= Beginning of Section =

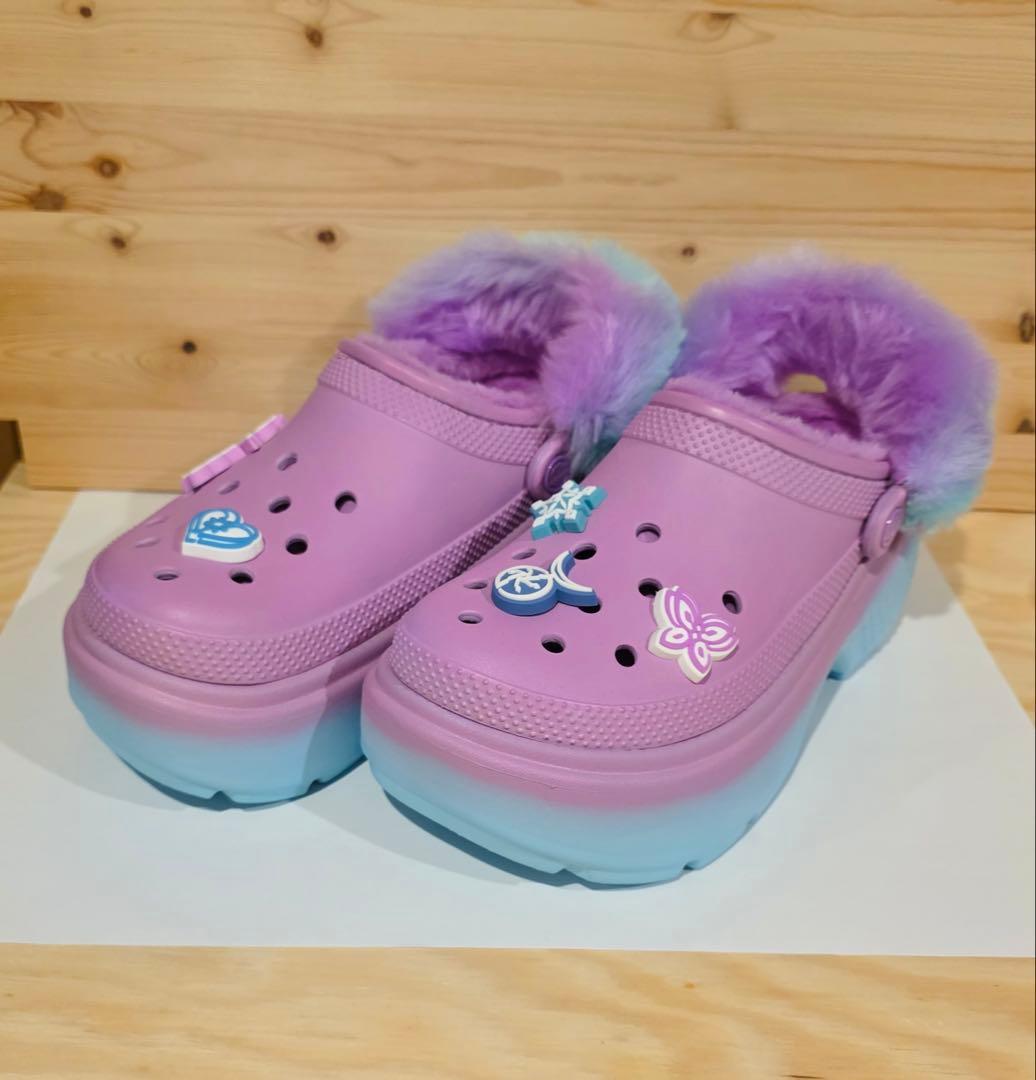 aespa × crocs クロックス コラボ 新品タグ付き 24cm エスパ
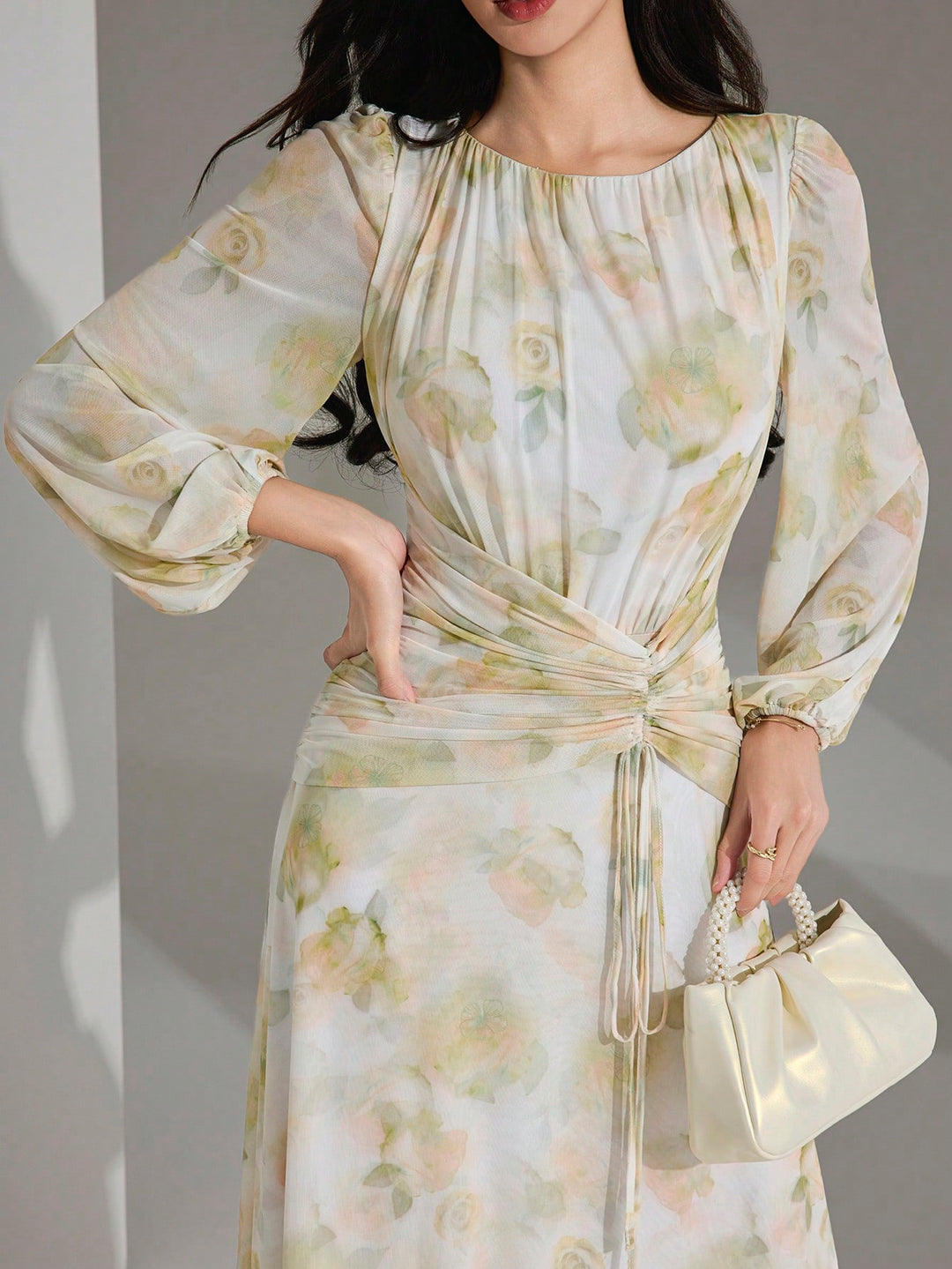 Rochie midi SHEIN, mix culori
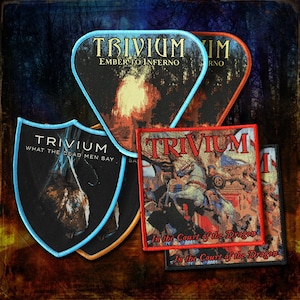 Trivium - Official Woven Patches - Metalcore, Thrash Heavy Metal Merch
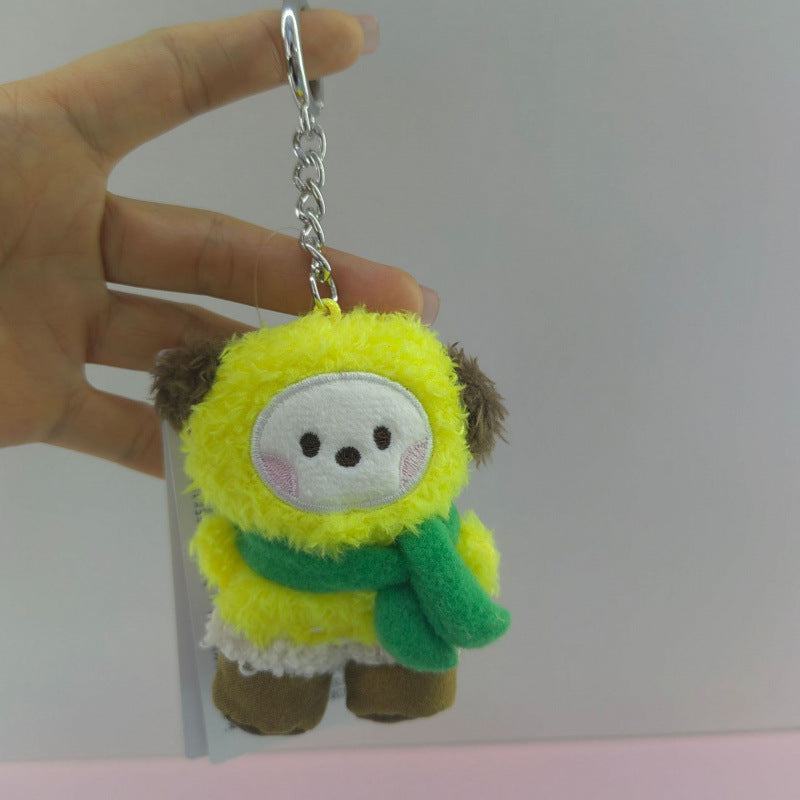 BANGTAN Mini Scarf Doll Keychain Pendant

= End of Section =

§ WORK REQUIRED
The expected result is the data above in exact form, free of pictures.

§ EXPECTED ANSWER
 aespa × crocs クロックス コラボ 新品タグ付き 24cm エスパ
 Rochie midi SHEIN, mix culori
 Trivium - Official Woven Patches - Metalcore, Thrash Heavy Metal Merch
 BANGTAN Mini Scarf Doll Keychain Pendant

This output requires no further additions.